Because the IL-doped PEDOT was filled with free mobile ions, and the main chain regularity of IL-doped PEDOT was low, the ions in their original equilibrium state were readily redistributed, and thus, an ion gradient was generated under the action of an external force. In addition, the cations in IL-doped PEDOT more easily migrated than the anions under the action of an external force; therefore, excess anions accumulated at the surface, resulting in a negative potential, as shown in Fig. 6i. However, IL-PEDOT gradually formed a film and became rigid as the polymerization time was increased, resulting in reduced ion migration and a gradient due to the external force, which also reduced the open circuit potential gradient between the asymmetric regions. These results indicated that the HAIM could serve as a force-induced electrical generator, implying potential for application in iontronic power generators.


In conclusion, we have demonstrated a down-top, interlocked patterning strategy for scalable fabrication of hierarchical and asymmetrical iontronic micropatterns through a combination of photodimerization and vapor oxidative polymerization. Local photodimerization crosslinking and subsequent heating produced an IL droplet-covered primary pattern-based microreactor and pristine iontronic host-based secondary wrinkles. The resultant IL-doped PEDOT and raw PEDOT on the HAIM responded to external compression and readily generated potential gradients based on the piezoionic effect. The morphology and electrical performance of the HAIM can be controlled with constrained boundary conditions and polymerization time. It is believed that this exceptional fabrication method, which combines the advantages of top-down and bottom-up approaches, will provide a new choice for on-demand surface patterning of iontronic materials. We envision that the HAIM will open opportunities for a range of applications in pressure sensors, force-induced potential generators, and electrochemical deposition.
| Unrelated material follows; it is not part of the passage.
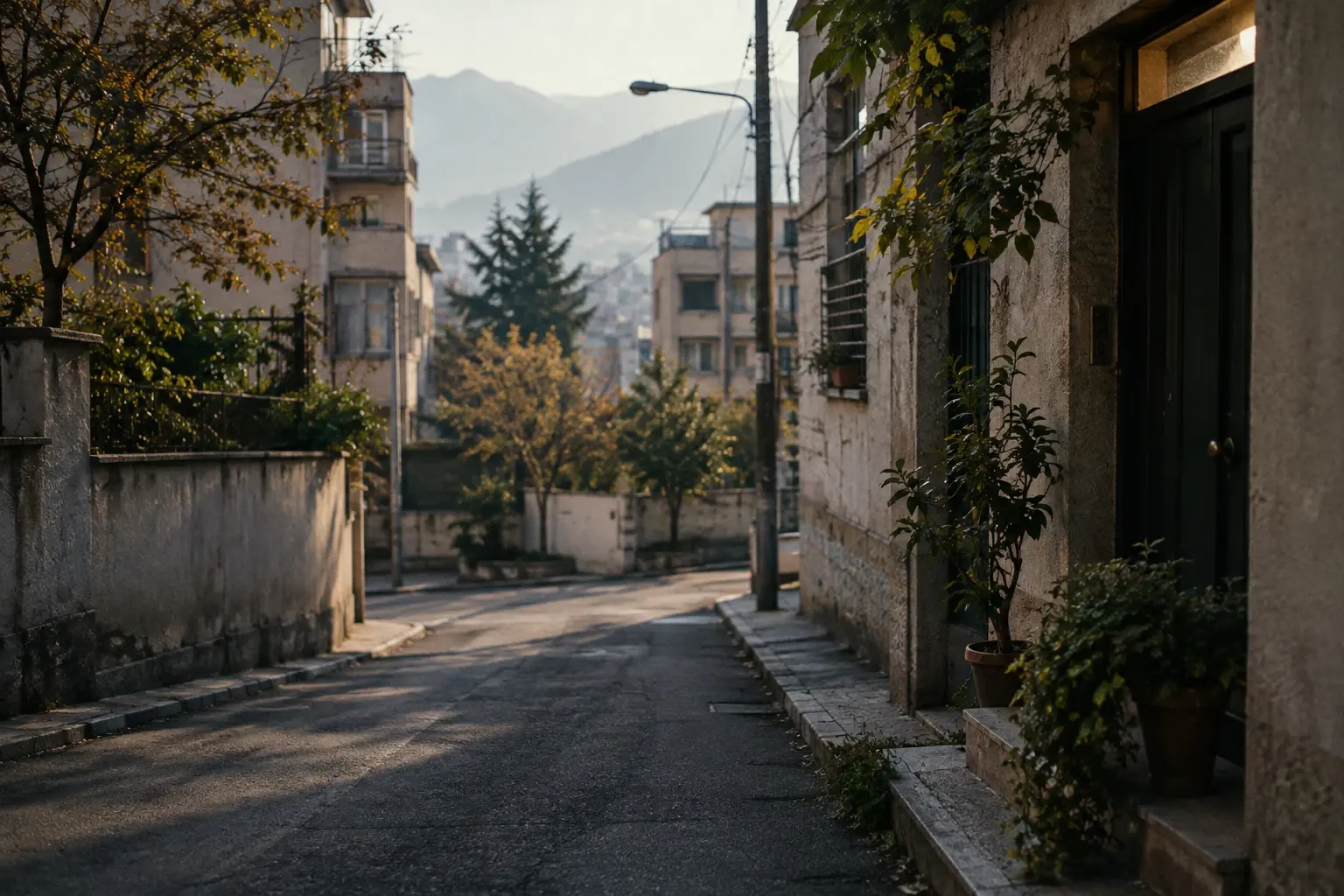 Rue résidentielle iranienne baignée de lumière, avec une porte entrouverte et des façades sobres, sans personne.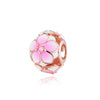 Un adorno de cuenta floral rosa con acabado dorado y una pequeña piedra transparente.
Fabrication of IL droplets @primary patterns

In this work, anthracene-functionalized ionic liquid copolymer (denoted as An-PIL) was plasticized with 1-ethyl-3-methylimidazolium bistrifluoromethylsulfonimide lithium (denoted as IL). First, 5 wt.% An-PIL solutions were prepared in DMF, and then IL was added into the solutions according to the molar ratios desired for the An-IL segment to IL, 1:0, 1:0.5, 1:1, 1:2, 1:3, 1:5, and 1:10. Thereafter, the homogeneous iontronic hosts were obtained with two rounds of filtration through 0.22 μm Teflon syringe-driven filter. Subsequently, the above mixed solution was drop coated onto a glass plate or PET film, and then an iontronic film with a thickness of approximately 45 μm was obtained after drying at 90 °C for 20 min. Finally, upon irradiation with ultraviolet (UV) light for 15 min (LED UV lamp, 365 nm, 15 mW/cm2), the desired primary patterns were obtained by using different photomasks. Thereafter, the resulting primary patterns were heated at 85 °C for different times to secrete IL droplets from the surface of the primary patterns (denoted as IL @primary patterns).

Preparation of secondary wrinkles

A homemade hotplate setup was used for EDOT diffusion into IL droplets @primary patterns. First, IL droplets @primary patterns were stuck to a glass petri dish and then placed upside down to cover 5 μL of EDOT on a hotplate. After heating at 120 °C for 20 min, IL droplets @primary patterns with weight increments of 2.9 mg were removed and placed in a crimp cap vial together with iodine (59.7 mg). The crimp cap vials were heated to 70 °C for 2 h, 4 h, 8 h, 12 h, and 20 h in an oven, to realize PEDOT-coated primary patterns and secondary wrinkles (the thickness of the resultant PEDOT layer was ~20 μm for polymerization time of 12 h).

Details of material design, analysis and instruments can be found in the Supplementary Information.